Oracle's cloud computing plan: Bring services to customers on-premises

Oracle is launching an effort called Oracle Cloud at Customer to capture workloads behind the firewall on its infrastructure. It's quirky idea crazy enough to capture some hybrid cloud spending.
Written by Larry Dignan, Contributor

Oracle is launching a new cloud service that will be installed in a customer's data center with a pay-by-usage model.

The family of offerings is called Oracle Cloud at Customer and is aimed at enterprises that want to move critical applications to the cloud and adhere to privacy and security regulations.

For Oracle, the cloud-at-customer effort is a unique spin on the hybrid data center and allows the vendor to straddle the on-premise and as-a-service shifts.

Cloud-at-customer offerings are priced based on subscription and align to what Oracle already charges for its services.

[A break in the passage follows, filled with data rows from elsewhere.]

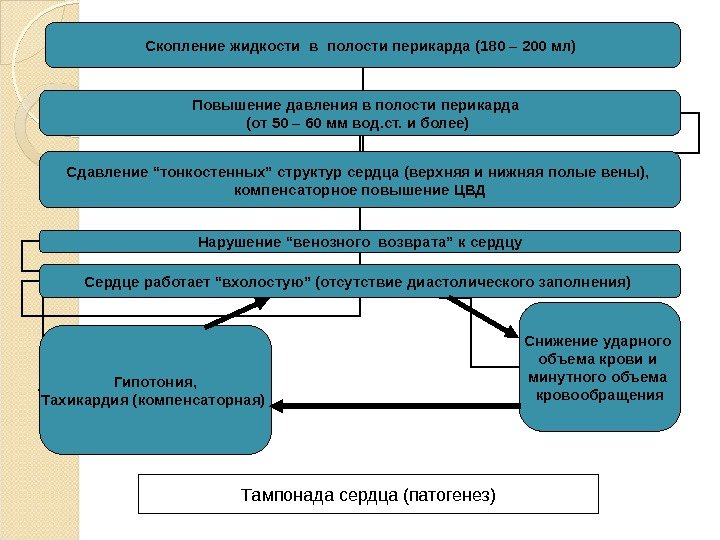 Скопление жидкости в полости перикарда (180 – 200 мл) Повышение давления в полости перикарда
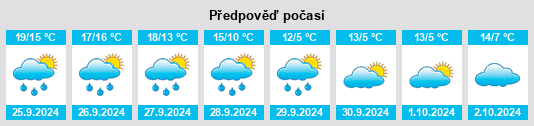 Výhled počasí pro místo Kaulsdorf na Slunečno.cz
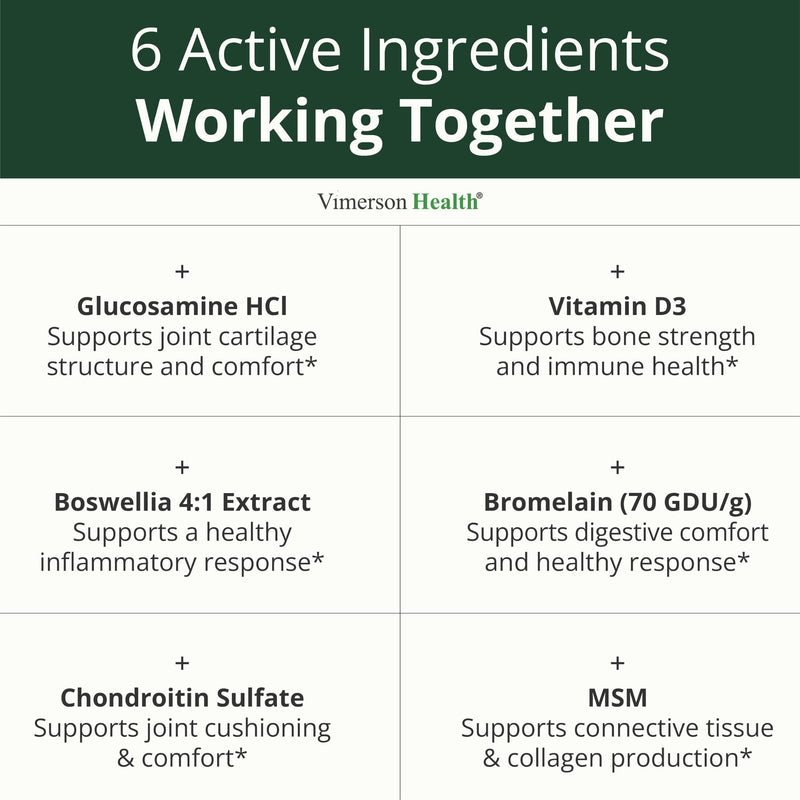 Vitamin D3 2000IU & Glucosamine Chondroitin – Daily Joint Support Supplement for Hair Skin Nails, Bone Health & Comfort with Boswellia Extract, Bromelain, Glucosamine Sulfate – FSA Eligible 120 Tabs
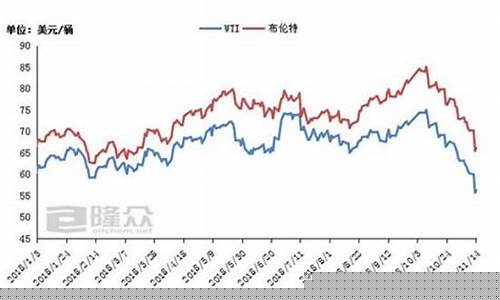 中国海外原油期货行情走势(原油期货行情最新消息今天走势)_https://www.qldgs.com_原油期货_第1张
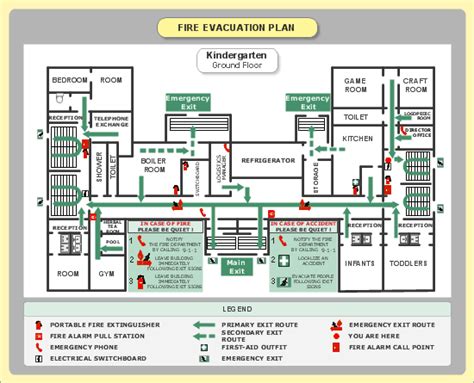 The purpose of this document is to show sample work to assist in the preparation of a cspp. ConceptDraw Samples | Floor Plan and Landscape Design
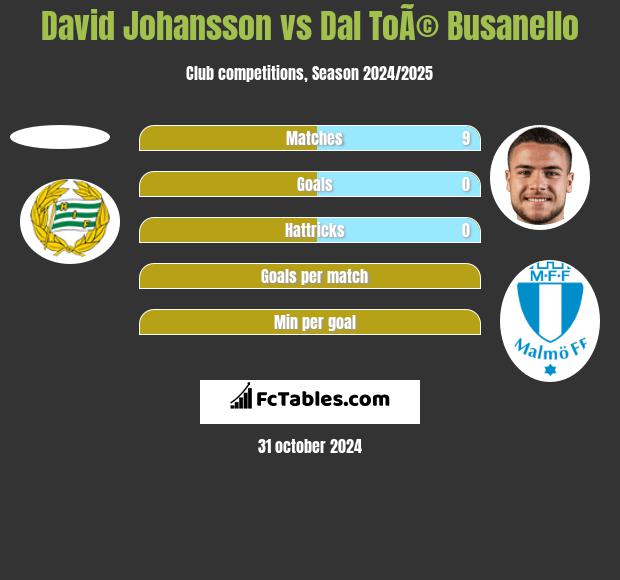 David Johansson vs Dal ToÃ© Busanello h2h player stats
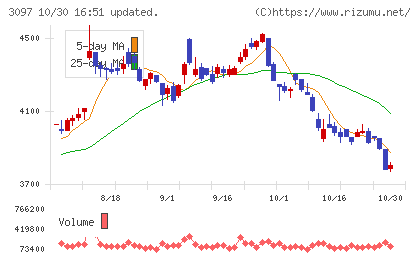 物語コーポレーションチャート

The sales pitch for Oracle revolves around bringing the cloud to the customer. The service will be managed by Oracle.

Amit Zavery, senior vice president for Oracle Cloud Platform, said the company came up with its architecture to extend its public services in private data centers due to customer requests. "We're enabling customers to have the features of the cloud and pricing model inside their own data centers," said Zavery. "There's a lot of IT spending behind the firewall."

Key points include:

  • The cloud service in a customer data center allows enterprises to control data and meet various sovereignty and residency requirements.
  • Workloads will be portable between on-premise and cloud.
  • Oracle's cloud will run all workloads.
  • Applications, databases and middleware will run behind the firewall.
  • Customers will get updates as if they were using the public cloud.

While Oracle's effort sounds like it's a managed service, the company maintains that it is bringing its public cloud to the customer. Zavery said Oracle is running the same hardware it uses for its cloud at a customer data center. "A managed service is customer centric and specific," explained Zavery. "This is the public cloud and not specific to any one customer. It's an extension of Oracle Cloud."

The lead offering is the Oracle Cloud Machine, which has Java and integration cloud services as well as infrastructure- and platform-as-a-service. The Cloud Machine is available today and Oracle said it also include Exadata Cloud for database workloads and a Big Data Cloud.